The United States and its allies are weighing how to shut down attacks by the Iranian-backed Houthi militia against commercial ships in the Red Sea, after American and British officials said Tuesday that their warships had intercepted one of the largest barrages yet of drones and missiles fired from Houthi-controlled areas of Yemen.
The Houthi attacks, in solidarity with Hamas in its war against Israel, have forced the world’s largest shipping companies to reroute vessels away from the Red Sea, creating delays and extra costs felt around the world through higher prices for oil and other imported goods.
The Biden administration and a number of international allies said last week that they would hold the Houthis responsible for the attacks, a warning that suggested the government may be considering retaliatory strikes on Houthi territory in Yemen, military officials said. Rather than back off, the Houthis appear to have stepped up their attacks.
“These attacks are unlawful, they’re reckless, and they’re escalatory,” John Kirby, a White House spokesperson, said at a news briefing Wednesday.
“We’re going to do everything we have to do to protect shipping in the Red Sea,” he added, but he declined to elaborate.
Secretary of State Antony Blinken, speaking in a news conference Wednesday in Manama, Bahrain, the latest stop on his Mideast tour, declined to say what actions might be coming. “What I can tell you is that, as we made clear, and many other countries made clear, there’ll be consequences for the Houthis’ actions,” he said.
He also said the United States and other nations had repeatedly made clear to Iran that its support for the Houthis’ actions had to stop.
So far, the United States has held back from hitting Houthi bases in Yemen, in large part because it does not want to undermine a fragile truce in Yemen’s civil war. Pentagon officials have drawn up plans for striking missile and drone bases in Yemen and places where fast boats used to attack ships appear to be moored.
British Defense Secretary Grant Shapps said in an interview on British television that London was also considering taking military action if the Houthi attacks did not stop. “The simplest thing to say is ‘watch this space,’” he said.
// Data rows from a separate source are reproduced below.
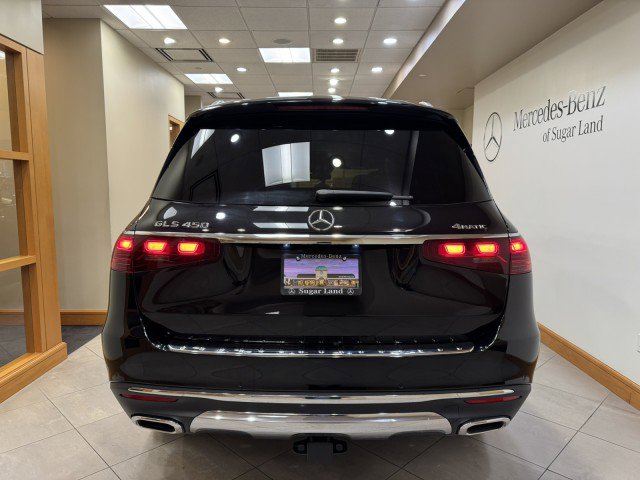 Certified 2025 Mercedes-Benz GLS 450 4MATIC image 4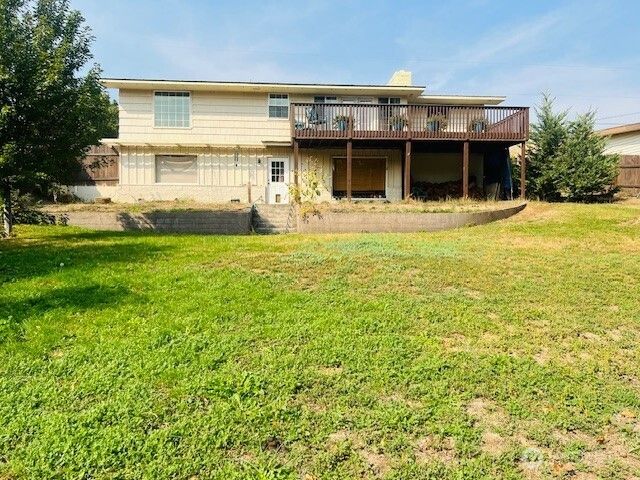 1162 3rd Avenue N, Okanogan, WA 98840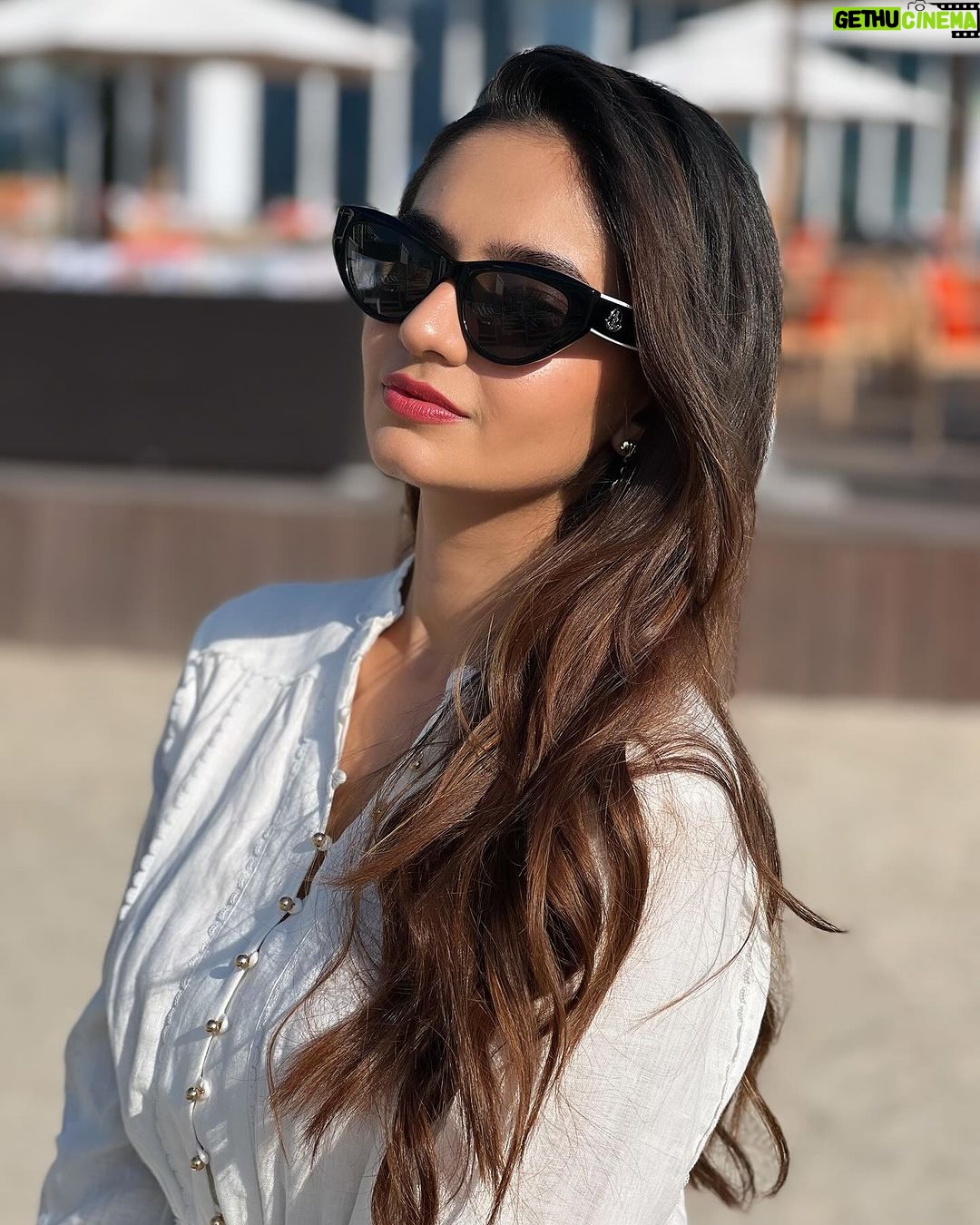 Anushka Sen Instagram - when in Dubai 😎🪽 Dubai, United Arab Emirates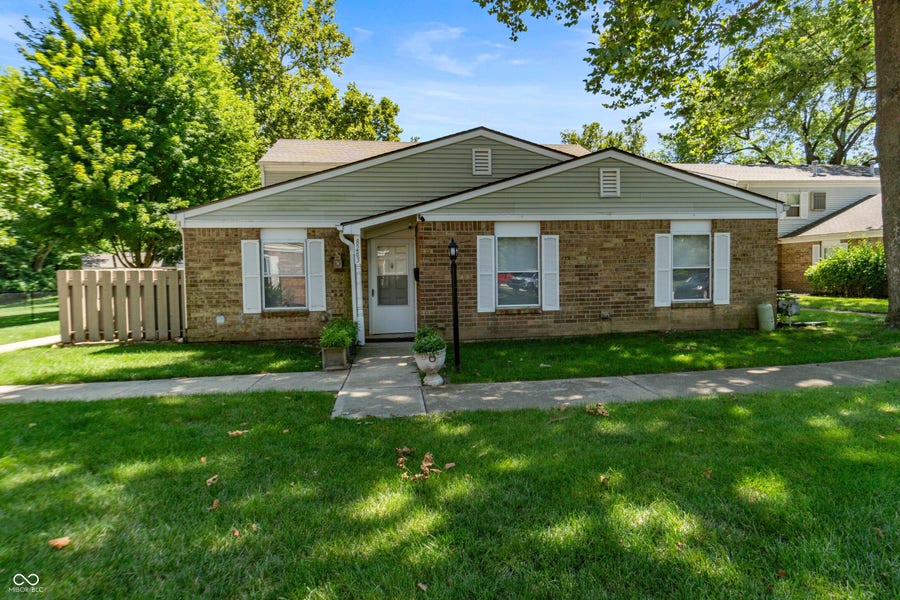 Property photo for 8283 Hewlet Drive, Indianapolis, IN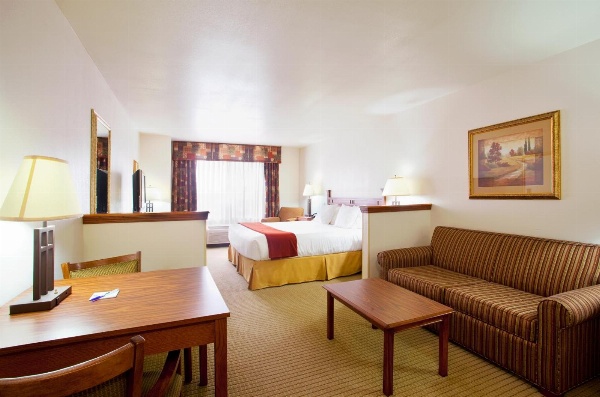 Holiday Inn Express Hotel & Suites Mattoon image 2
On Tuesday, fighter jets from the USS Dwight D. Eisenhower aircraft carrier and four other warships intercepted “a complex attack” involving 18 drones, two anti-ship cruise missiles and one anti-ship ballistic missile, the U.S. military’s Central Command said in a statement. No injuries or damage were reported, the command said.
Shapps said that the Diamond, a British navy destroyer, had also responded to repel the Houthis’ “largest attack” since they began targeting ships in the Red Sea.
A Houthi military spokesperson, Yahya Sarea, said in a statement Wednesday that the group’s forces had used “a large number” of missiles and drones to target an American ship “that was offering support to the Zionist entity.” It was not immediately clear if he was describing the attack Tuesday.
Sarea said the attack it described was in response to an assault by the U.S. Navy 10 days ago that sank three Houthi boats, killing their crew members. The Navy has said the boats fired on U.S. helicopters coming to aid a Maersk cargo ship.
The Houthis “will continue to prevent Israeli ships or those headed to the ports of occupied Palestine from sailing in the Arabian and Red Seas until the aggression stops and the siege on our steadfast brothers in Gaza is lifted,” Sarea said.
The United States and a dozen allies issued an ultimatum to the Iran-backed Houthis last week to cease their near-daily attacks that have disrupted shipping in the crucial sea lanes that connect the Indian Ocean with the Suez Canal. The Houthis have promised to attack ships until Israel stops the war in the Gaza Strip, where it has been fighting for more than three months.
The rising tensions in the Red Sea have fueled concerns of a wider conflict in the region with militias and groups tied to Iran.